SUPPLIED DATA:
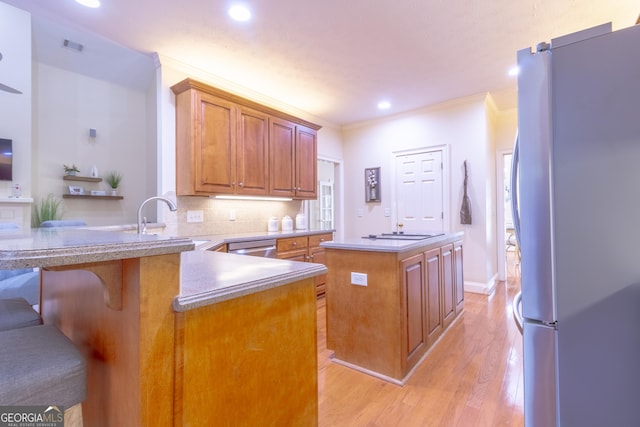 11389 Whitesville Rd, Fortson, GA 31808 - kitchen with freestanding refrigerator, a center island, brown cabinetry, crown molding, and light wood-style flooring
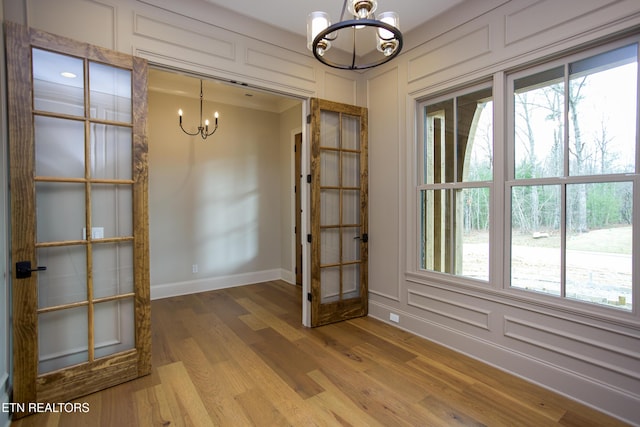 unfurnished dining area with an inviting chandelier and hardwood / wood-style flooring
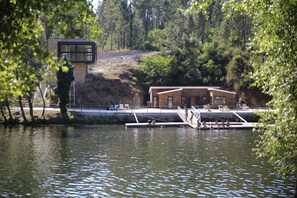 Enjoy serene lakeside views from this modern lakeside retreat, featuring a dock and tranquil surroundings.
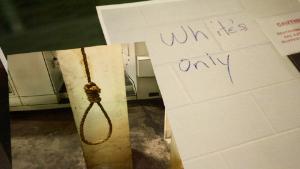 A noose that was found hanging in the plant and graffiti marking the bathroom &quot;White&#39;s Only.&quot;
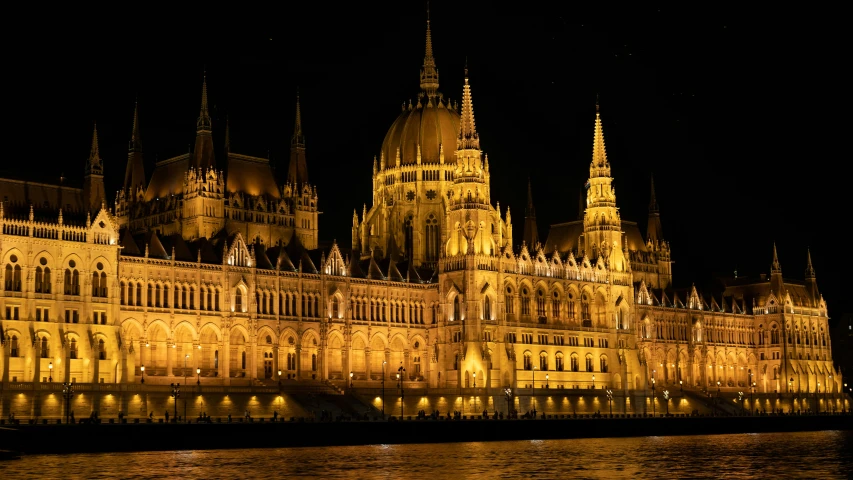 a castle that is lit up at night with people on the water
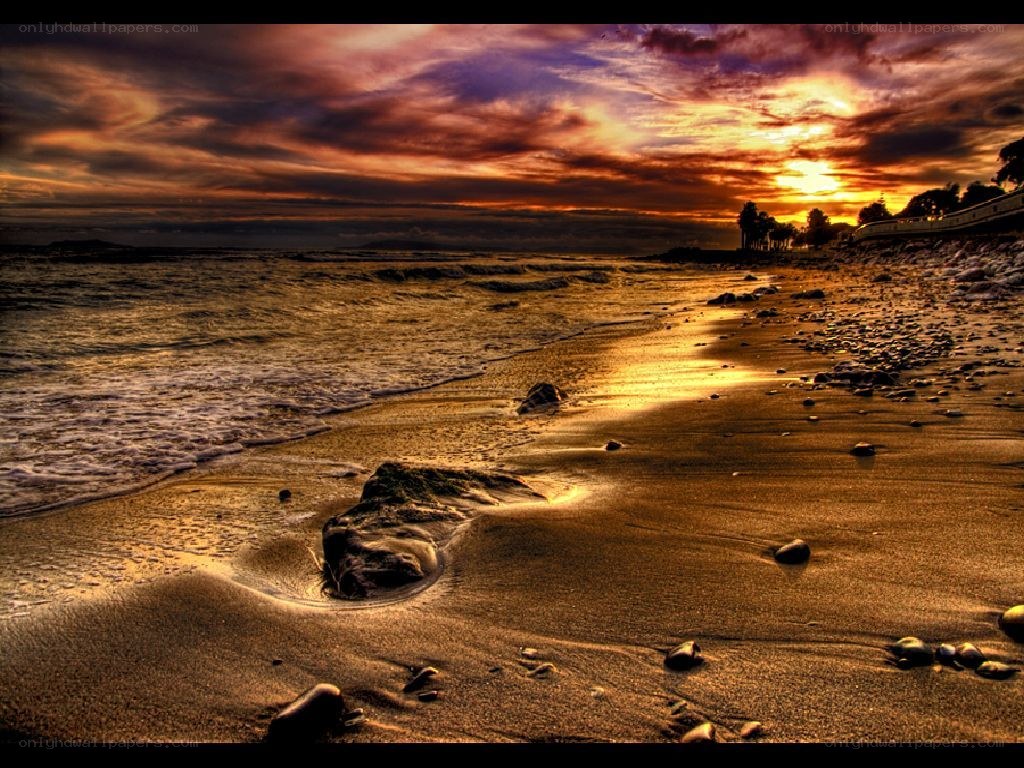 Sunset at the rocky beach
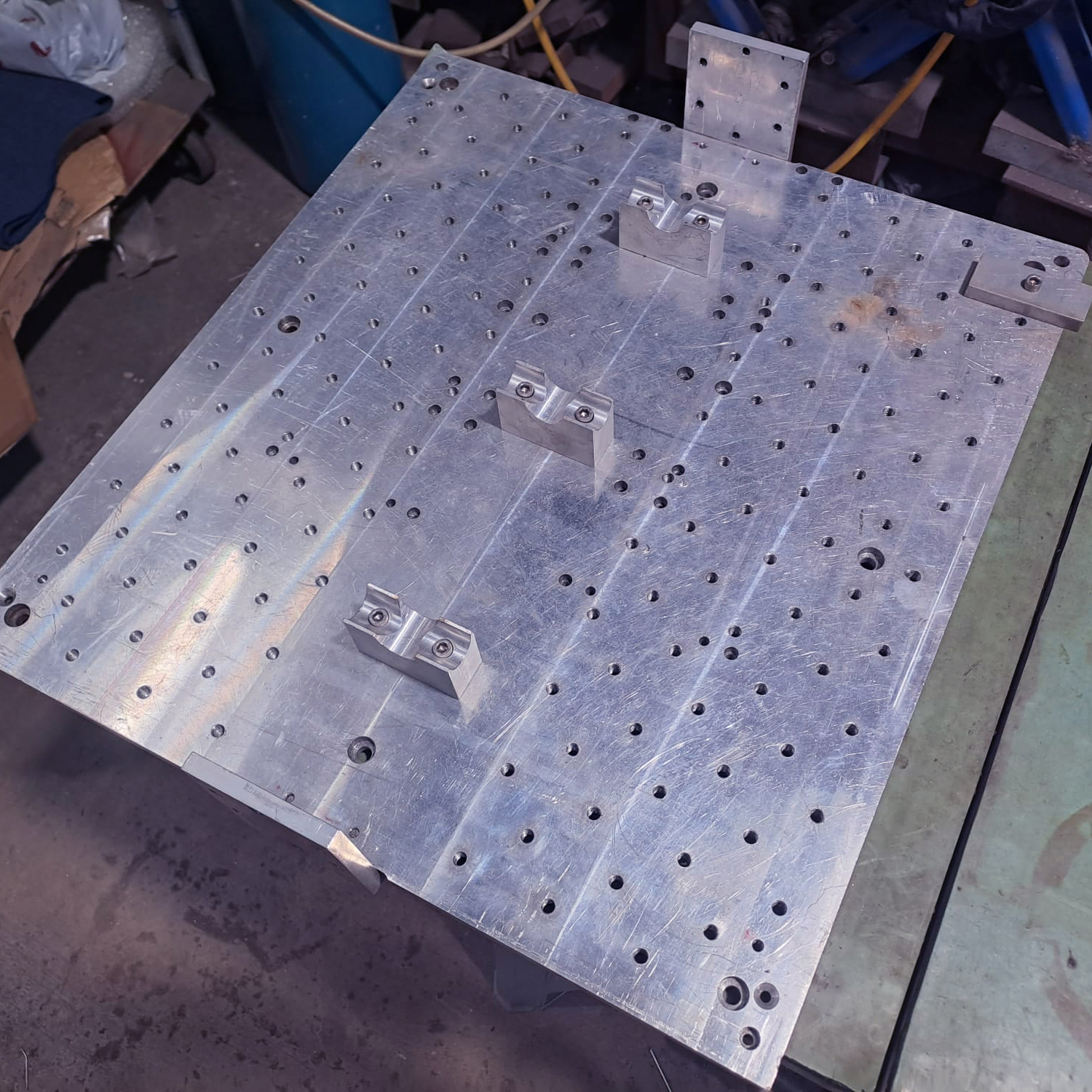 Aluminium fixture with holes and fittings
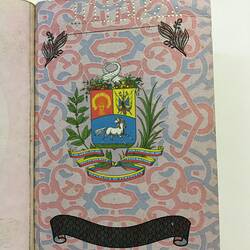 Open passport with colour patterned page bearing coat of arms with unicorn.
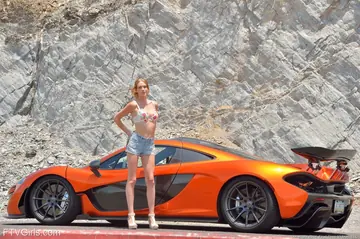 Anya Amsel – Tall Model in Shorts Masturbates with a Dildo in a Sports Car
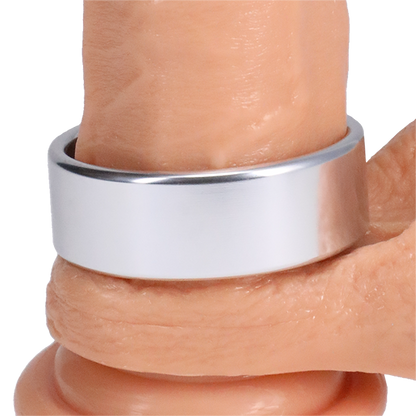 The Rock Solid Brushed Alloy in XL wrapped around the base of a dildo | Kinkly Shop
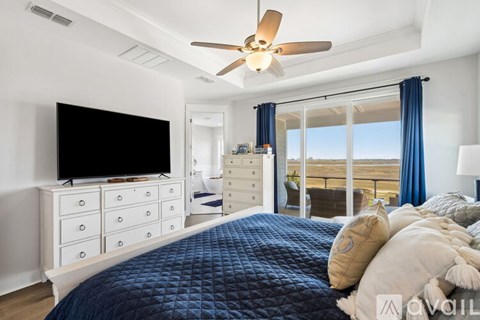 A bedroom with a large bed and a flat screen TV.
* * *
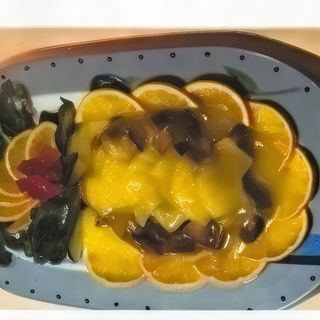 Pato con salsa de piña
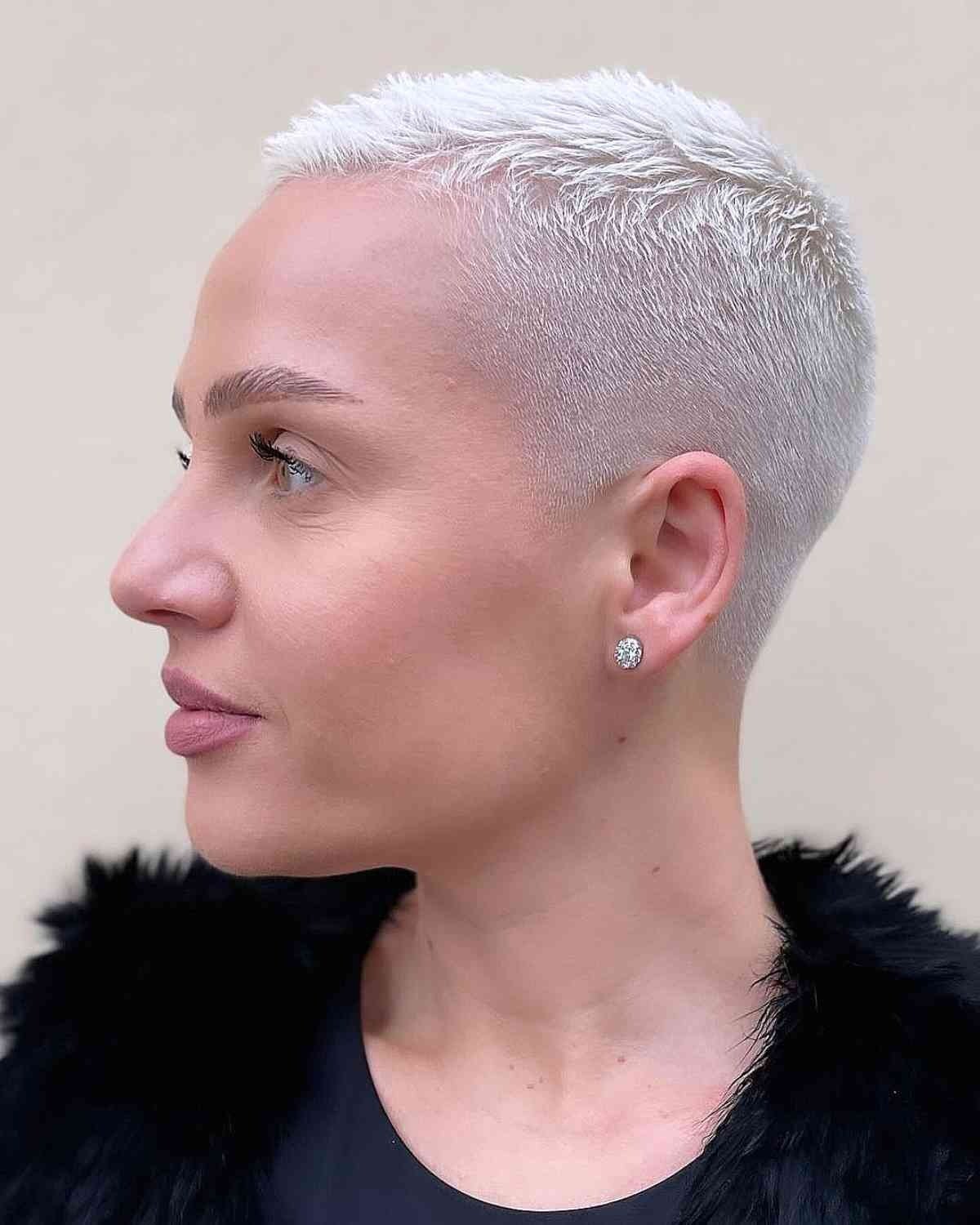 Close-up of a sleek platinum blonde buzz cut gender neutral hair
...
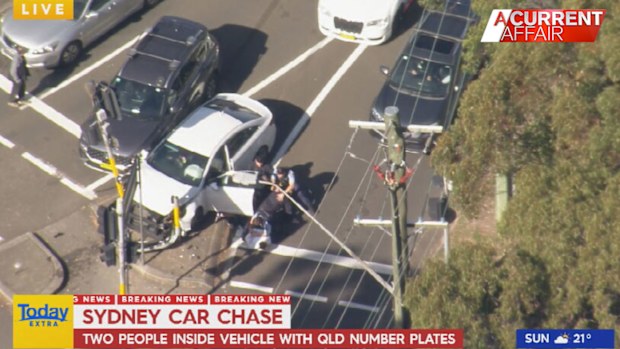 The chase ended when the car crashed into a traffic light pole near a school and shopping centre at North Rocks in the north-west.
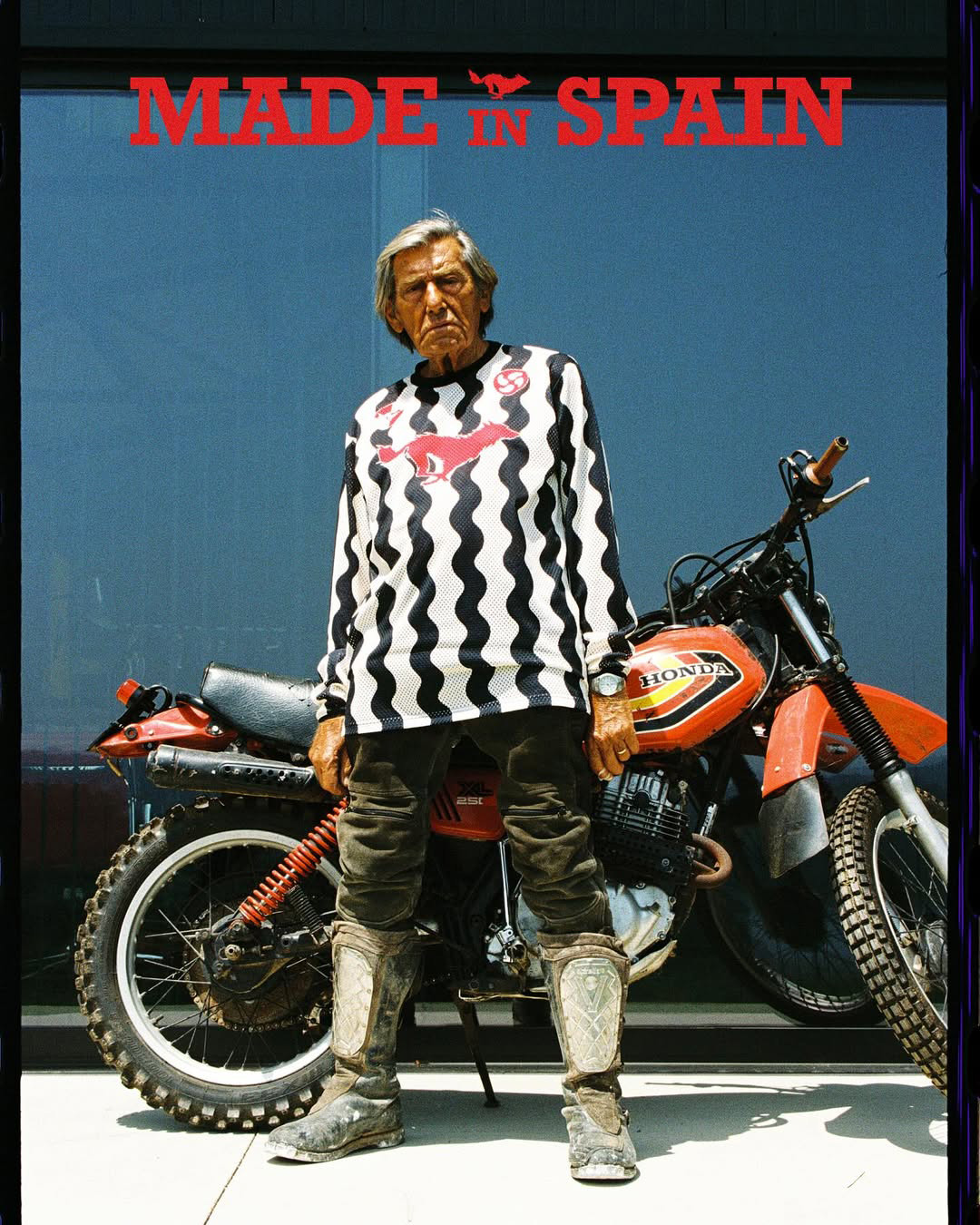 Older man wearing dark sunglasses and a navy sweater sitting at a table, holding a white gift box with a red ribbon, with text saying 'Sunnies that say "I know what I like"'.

ABOUT THIS TASK: Without the pictures, give again exactly the lines above starting at the line containing "11389 Whitesville Rd, Fortson, GA" and ending at the line containing "unfurnished dining area".

WRITTEN REPLY:
 11389 Whitesville Rd, Fortson, GA 31808 - kitchen with freestanding refrigerator, a center island, brown cabinetry, crown molding, and light wood-style flooring
 unfurnished dining area with an inviting chandelier and hardwood / wood-style flooring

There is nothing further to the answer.